From that moment i couldn’t think of anything else, i WANTED a repeating crossbow, and even though the picture was decades (or centuries?) old, that was clear enough to start building something.
First of all, i needed the bow. I used two rectangular hairpins (i’m not sure that’s the right term for those) for the flexible parts, glued together with some cyanacrilic. For the rest of the construction i used only PVA glue.
Meanwhile, for the body of the crossbow i used some popcicle sticks glued together, kept under pressure until dry. It took only 10 minutes to have a solid structure.
I glued on the sides another two sticks, this time a little elevated to create a rail.
On the back side, i cleaned the irregularities with a cutter, then i finely sanded the surface to have a smooth finish.
I removed part of the rail, where the grip will be, then i glued the bow on the tip of the body. Now the crossbow shape is clrealry visible.
The recharging mechanism is really similar to the one shown in the ancient illustration. I used two sticks to make the beaming, taking the measurements before cutting them in shape.
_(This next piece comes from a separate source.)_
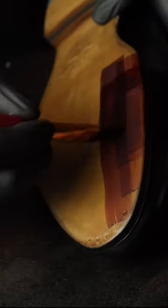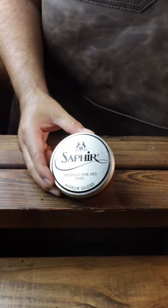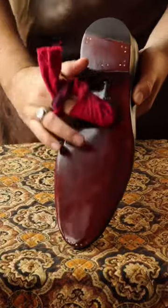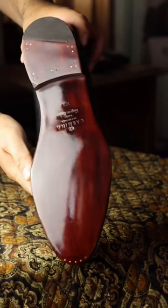Staining the soles of your shoes is a fun yet temporary way of adding some flair to your favorite pair. Using leather dye, you can even replicate textures like regal mahogany. Some wax like mirror gloss will help add an impressive finish to seal your work in. Just be cautious you don't slip on a carpet on your first few steps.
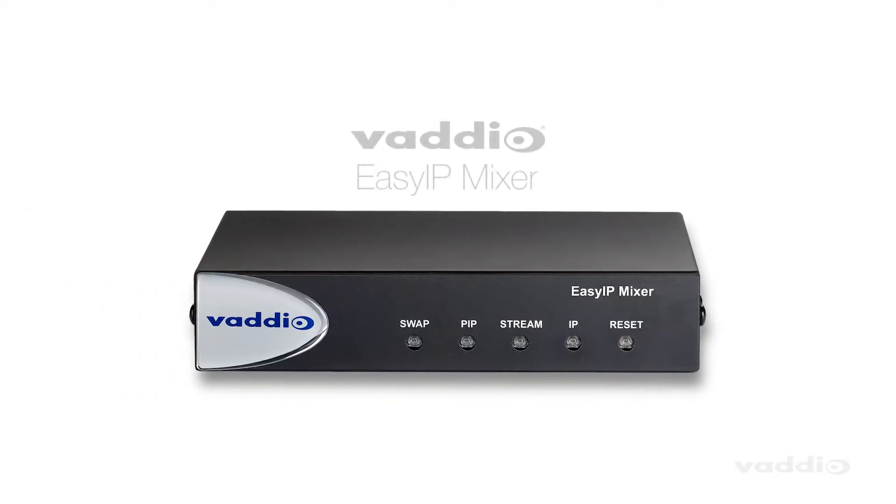Hey everyone, this is Beth from the Vaadio team, and today I want to explain how easy it is to configure a multi-camera system with Dante Audio Sources using the Easy IP Mixer.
Note that for the whole project i didn’t use any ruler. Just relative measuring.
Using a metal rod obtained from a paperclip i fixed the two joints of the loading mechanism. The central moving part is visible in the photo, and has a gap where the rope will remain blocked turing the loading.
To prevent the two beams of the loading mechanism to move indipendently, i blocked them on both sides. After the glue was dry, they were a single piece.
Let’s take a closer look to the moving part in the center. Note that the “arrows magazine” is still not in position. If i had to make a second repeating crossbow (and i will), i would have added the magazine from the beginning. However, that is what i have: the frontal part has a smaller railing to keep the arrow (in this case, a matchstick) in position. Behind that there’s a gap for the bow rope. The rest of the beam on the bottom is very important, because it will push the whole piece down, releasing the rope and shooting the arrow.
Once placed the arrow magazine, the crossbow looked like this:
You can see that there are two small beam on the front to guide the moving part in the right direction, preventing trasversal deviations.
I had to try the crossbow several times (many, really) and tweak a few minor issues. Mainly, i had to add a small wooden piece on the back of the magazine to prevent the arrows to slide behind when loading, and i had to sand all the critical surfaces to have a smoother movement.
the result, however, was amazing. Today the crossbow had the first debut in the lab, and all my colleagues played with it.
Who could ask for more? Well… ME! I wanted a video, and i did it!
Ok, that’s not properly modelling. But it works, and shoots arrows! I could virtually light the three matches before shooting too, with an even more awesome result!